Resampling: The particles are resampled according to their weights to ensure that the effective number of particles is constant.
Mutation: The particles are mutated by applying a number of MCMC.
The PMC algorithm terminates when the inverse temperature parameter reaches 1. The samples obtained from the PMC algorithm can be used to approximate the posterior distribution of the parameters \(\theta\) given the data \(d\) and the model \(\mathcal{M}\). The PMC algorithm is particularly useful for sampling from high-dimensional and multimodal posterior distributions. Furthemore, the PMC algorithm offers an estimate of the logarithm of the model evidence \(\log\mathcal{Z}\) which can be used for Bayesian model comparison.
The high sampling efficiency and robustness of the PMC algorithm is derived by three key features:
Persistent Sampling: The PMC algorithm maintains a set of particles throughout the entire run of the algorithm. This allows the PMC algorithm to reuse the particles from previous iterations to sample from the target distribution in the current iteration. This is particularly useful when the target distribution changes smoothly from one iteration to the next.

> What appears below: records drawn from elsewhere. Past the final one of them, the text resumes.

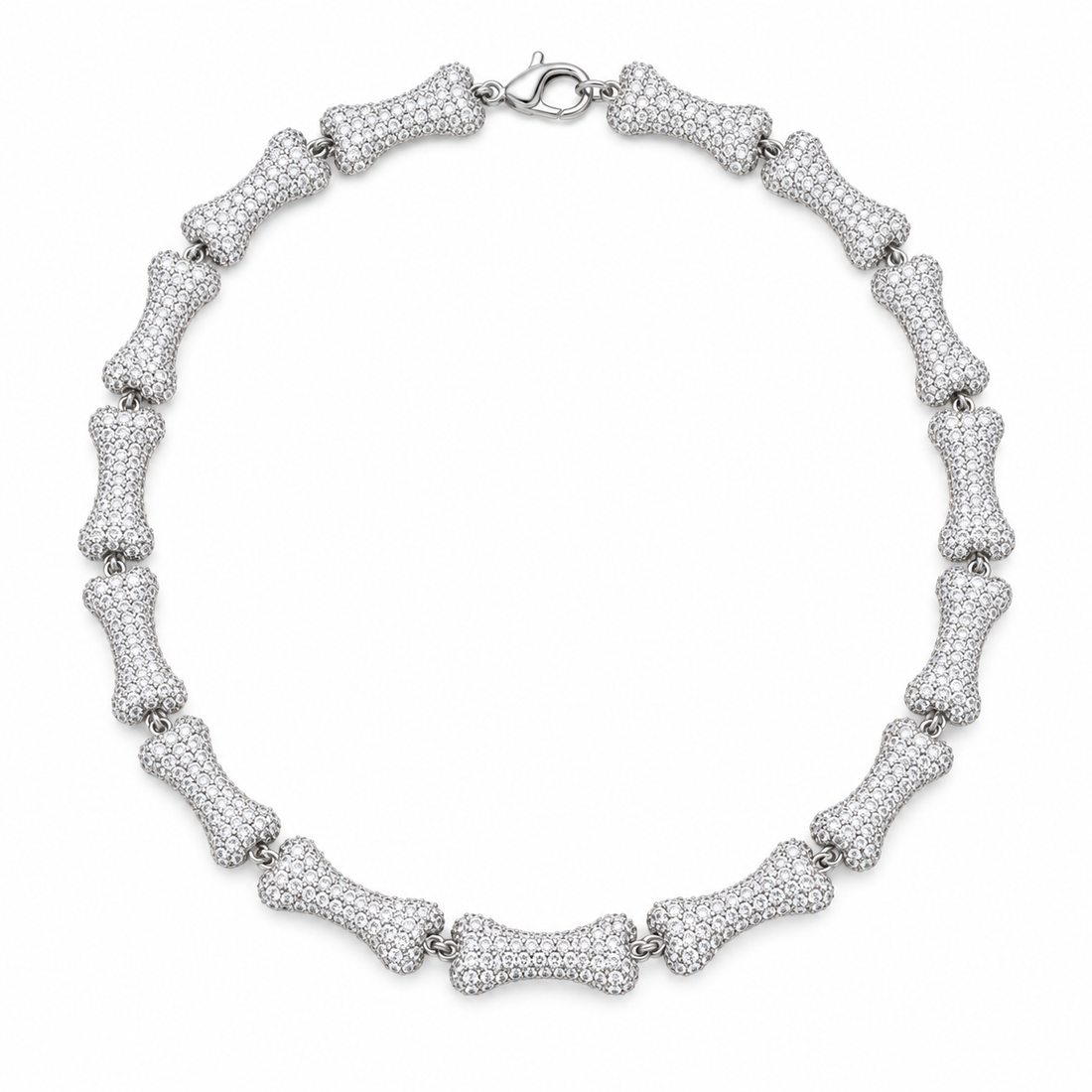 Custom Iced Out Bone Link Necklace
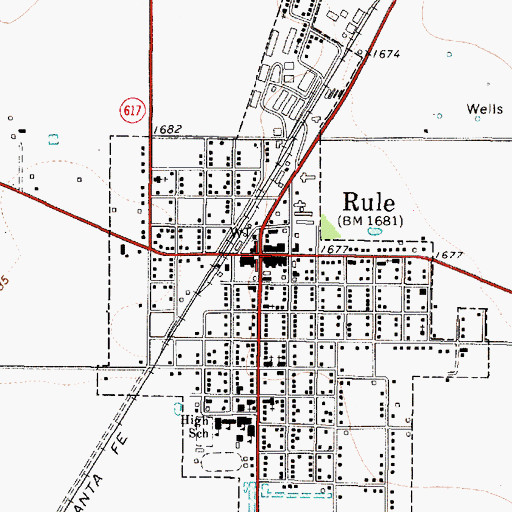 Topographic Map of Rule, TX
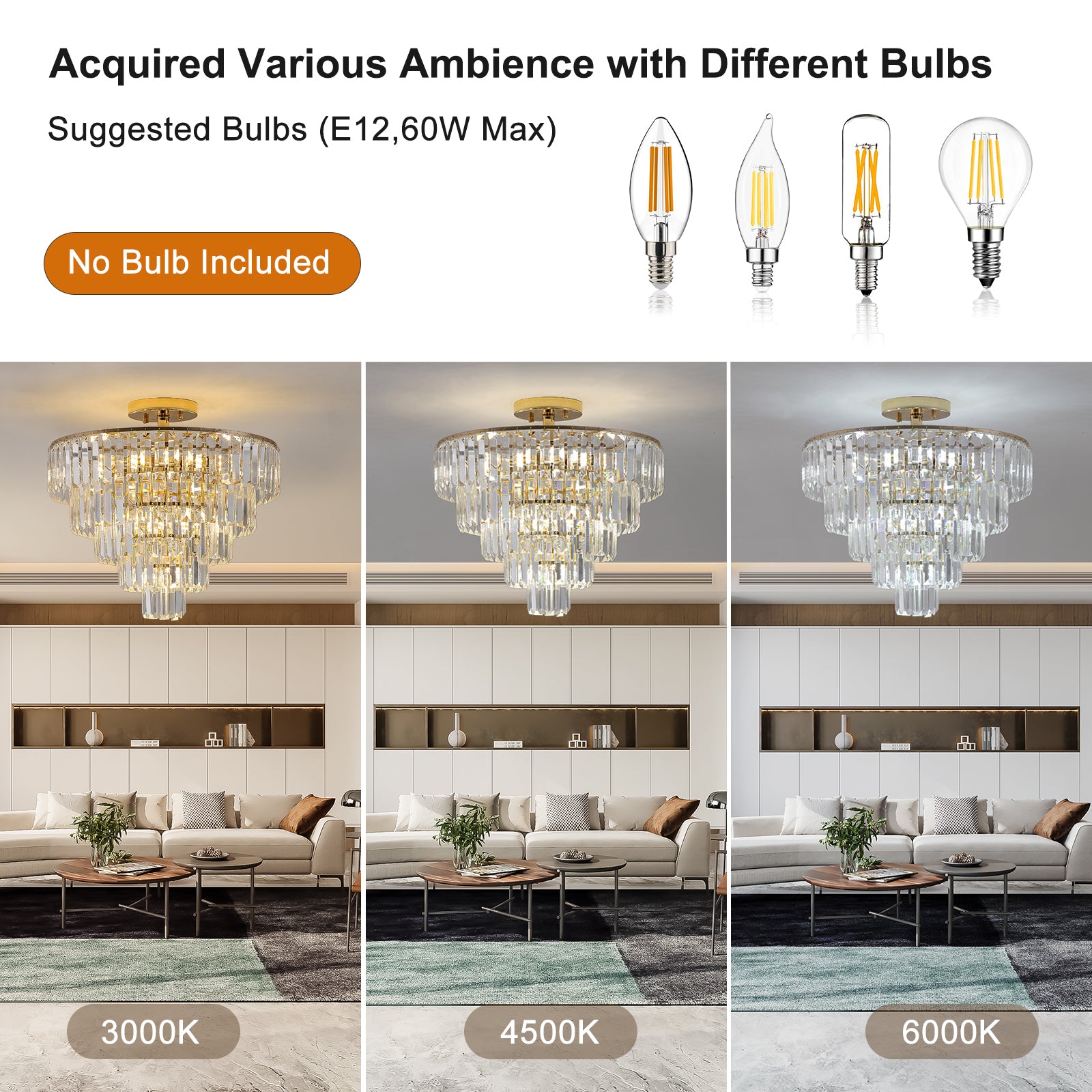 Same As W1340P189283 L005001 D500 C10G Gold Crystal Chandeliers,5 Tier Round Semi Flush Mount Chandelier Light Fixture,Large Contemporary Luxury Ceiling Lighting Gold Crystal Iron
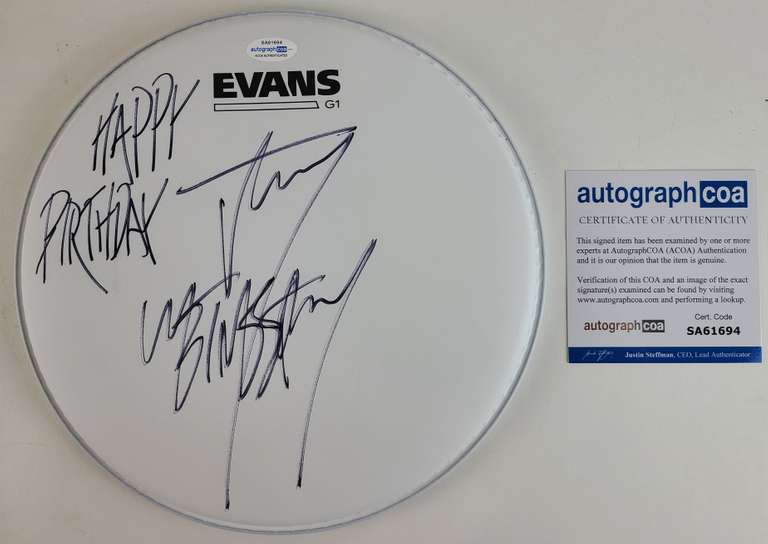 Jay Weinberg Slipknot Autographed Happy Birthday Drum Head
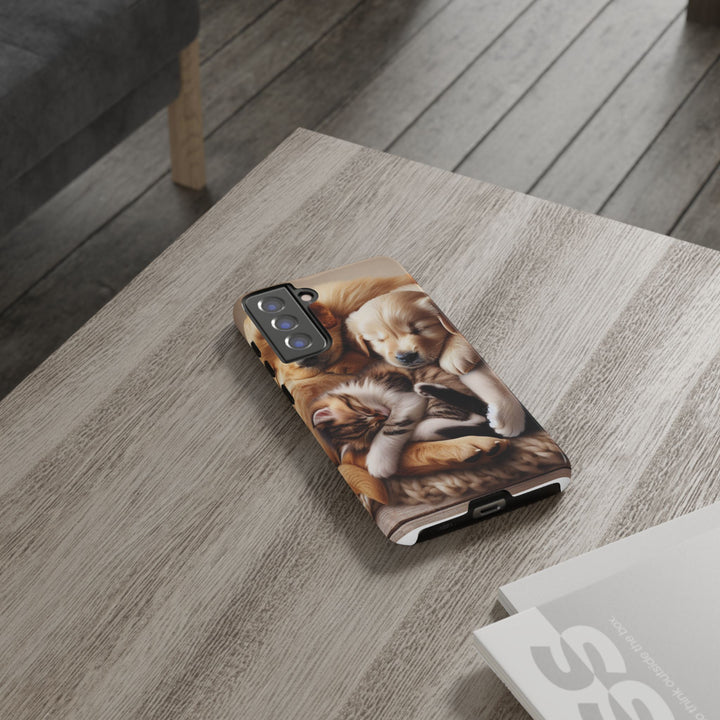 Cute Pets Phone Case - Adorable Puppy and Kitten Design, Animal Lover Gift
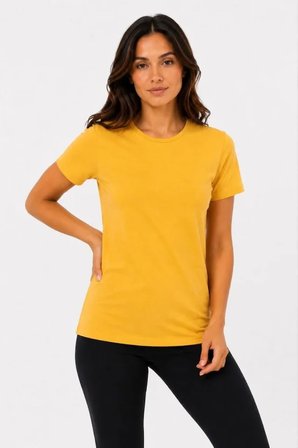 JANES Basic Tişört Bisiklet Yaka Kısa Kol Günlük Yazlık Slim Fit T-Shirt - Sarı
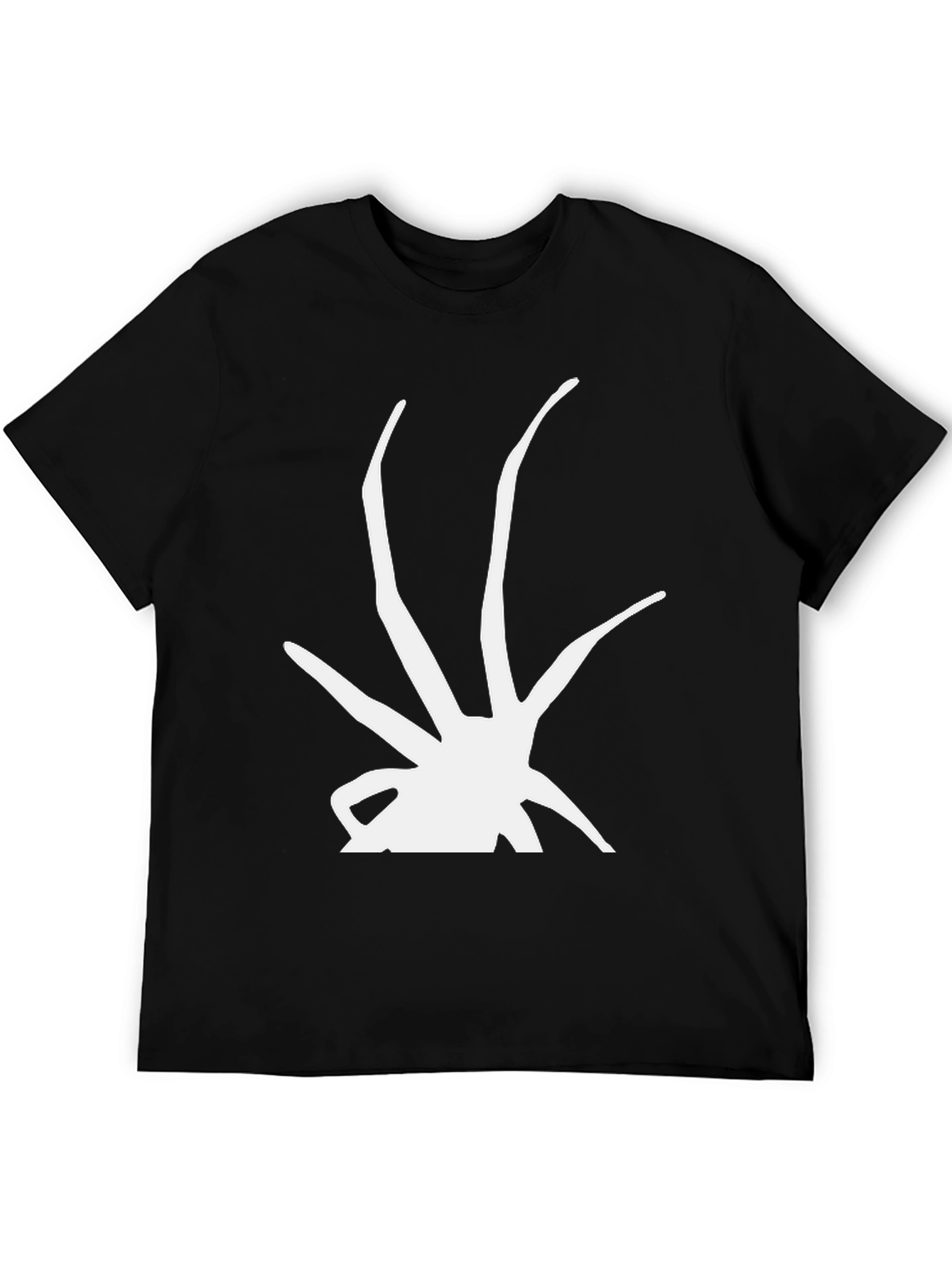 Abstract Graphic Print T-Shirt - Casual Black Tee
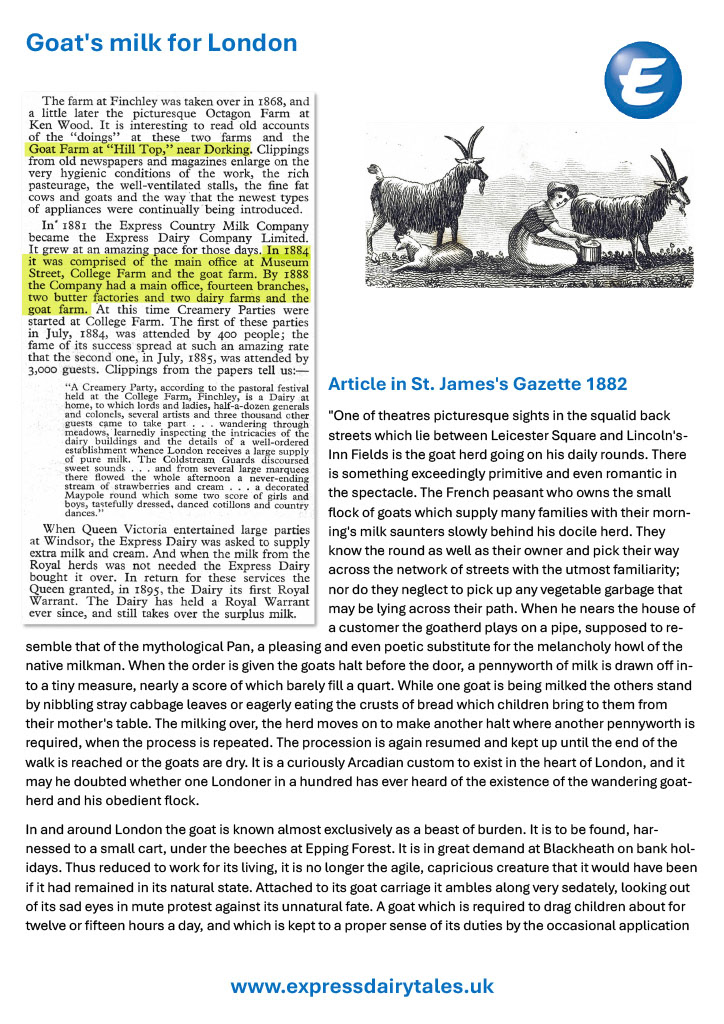 1868 onwards - Story of Express goat farm near Dorking (Express Dairy Tales publication)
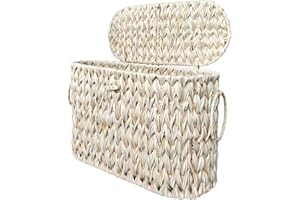 Coeusy Toilet Paper Basket,Wicker Toilet Paper Storage with Lid,Decorative Boho Wicker Basket for Bathroom,Free Standing-Cream White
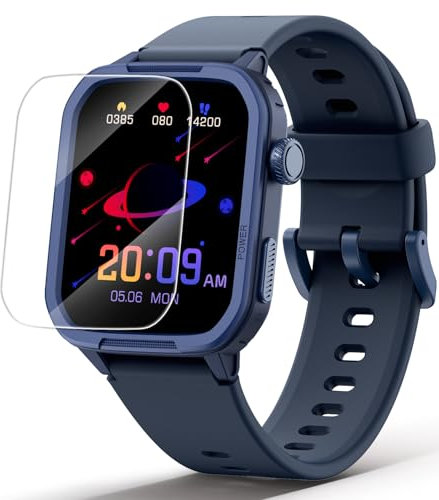 Kinder Smartwatch für Jungen Mädchen, Gehärtetes Glas Aktivitäts Tracker Uhr IP68 wasserdichte Con Displayschutzfolie, 19 Sportmodi, Herzfrequenz Schlafmonitor, Schrittzähler, Kindergeschenke (Blau)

Normalizing Flow Preconditioning: The PMC algorithm uses a normalizing flow to precondition each target distribution \(\mathcal{P}_{t}(\theta)\). The normalizing flow is a sequence of invertible transformations that maps a simple distribution to the target distribution. The normalizing flow is trained to approximate the target distribution using a set of particles. Sampling in the target distribution is then performed by sampling from the simple distribution and applying the inverse of the normalizing flow. The normalizing flow preconditioning allows the PMC algorithm to sample from complex and multimodal target distributions.
t-preconditioned Crank-Nicolson: The PMC algorithm uses a t-preconditioned Crank-Nicolson integrator to evolve the particles in the target distribution. The t-preconditioned Crank-Nicolson algorithm is an MCMC method that scales well with the dimensionality of the target distribution. For targets that are close to Gaussian, the t-preconditioned Crank-Nicolson algorithm is particularly efficient and can scale to very high dimensions. For non-Gaussian targets (e.g., multimodal distributions), the t-preconditioned Crank-Nicolson algorithm can be combined with the normalizing flow preconditioning to sample from the target distribution efficiently even in high dimensions.
Unlike traditional samplers that rely on Random-walk Metropolis, Slice Sampling, Rejection Sampling, Importance Sampling, or Independence Metropolis, PMC can scale to high-dimensions without desolving into random-walk behavior.